__Work order__. Copy the data below verbatim, leaving no line out.

__Input for this task__.

________

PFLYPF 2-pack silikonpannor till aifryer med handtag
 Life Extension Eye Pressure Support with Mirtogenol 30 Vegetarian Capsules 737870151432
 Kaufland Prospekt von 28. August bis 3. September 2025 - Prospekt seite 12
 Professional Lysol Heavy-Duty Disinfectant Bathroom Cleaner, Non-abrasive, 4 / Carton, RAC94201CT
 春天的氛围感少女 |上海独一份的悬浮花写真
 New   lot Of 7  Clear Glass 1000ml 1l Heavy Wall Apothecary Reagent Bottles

________

__The answer__.
PFLYPF 2-pack silikonpannor till aifryer med handtag
 Life Extension Eye Pressure Support with Mirtogenol 30 Vegetarian Capsules 737870151432
 Kaufland Prospekt von 28. August bis 3. September 2025 - Prospekt seite 12
 Professional Lysol Heavy-Duty Disinfectant Bathroom Cleaner, Non-abrasive, 4 / Carton, RAC94201CT
 春天的氛围感少女 |上海独一份的悬浮花写真
 New   lot Of 7  Clear Glass 1000ml 1l Heavy Wall Apothecary Reagent Bottles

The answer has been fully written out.